L’analyse encore en cours des données de l’étude PCPT confirme que le finastéride, un I5AR, réduit le risque de cancer de la prostate chez les hommes qui sont exempts de cancer au moment de l’instauration du traitement. Des données de multiples sources accréditent la thèse selon laquelle le taux plus élevé de cancer à forte malignité observé chez les participants de l’étude PCPT traités par le finastéride résultait, d’une part, des effets favorables du composé sur les caractéristiques d’efficacité du dosage du PSA, et, d’autre part, du meilleur échantillonnage biopsique de la prostate qu’il autorise en réduisant son volume. De nouvelles données ont par ailleurs corroboré la capacité du finastéride d’atténuer les symptômes de l’HBP/SBAU et de réduire au minimum la progression vers le recours à un traitement invasif. Le composé a également fait la preuve de son innocuité et de son efficacité pour le passage à la monothérapie chez des patients atteints d’HBP/SBAU traités par une association médicamenteuse.
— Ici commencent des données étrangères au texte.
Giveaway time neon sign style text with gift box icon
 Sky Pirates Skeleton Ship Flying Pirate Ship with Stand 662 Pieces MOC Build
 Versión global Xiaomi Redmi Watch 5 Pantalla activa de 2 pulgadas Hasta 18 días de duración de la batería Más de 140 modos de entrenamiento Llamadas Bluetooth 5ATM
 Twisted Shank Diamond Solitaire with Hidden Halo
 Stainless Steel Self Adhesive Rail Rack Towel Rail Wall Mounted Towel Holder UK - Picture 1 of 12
De l’avis du Dr Thompson, les visées du traitement par le finastéride vont au-delà de la prévention de la mortalité par cancer de la prostate, ce qui constituerait en soi une réalisation remarquable. Toutefois, poursuit-il, l’objectif ultime doit être de réduire le fardeau global de la maladie. Faisant observer que 92 % des hommes atteints de cancer de la prostate sont traités, le Dr Thompson souligne que le traitement «modifie irrévocablement la vie du patient. De nombreux patients éprouvent des dysfonctions urinaires, intestinales et sexuelles. Les médecins sous-estiment constamment le retentissement de ces problèmes.» Une détection précoce, un traitement curatif et un traitement de sauvetage en cas de récidive méritent certainement la mobilisation d’importantes ressources sociétales, mais «je vous avoue bien honnêtement que je préférerais de loin ne jamais être atteint du [cancer de la prostate]», conclut-il.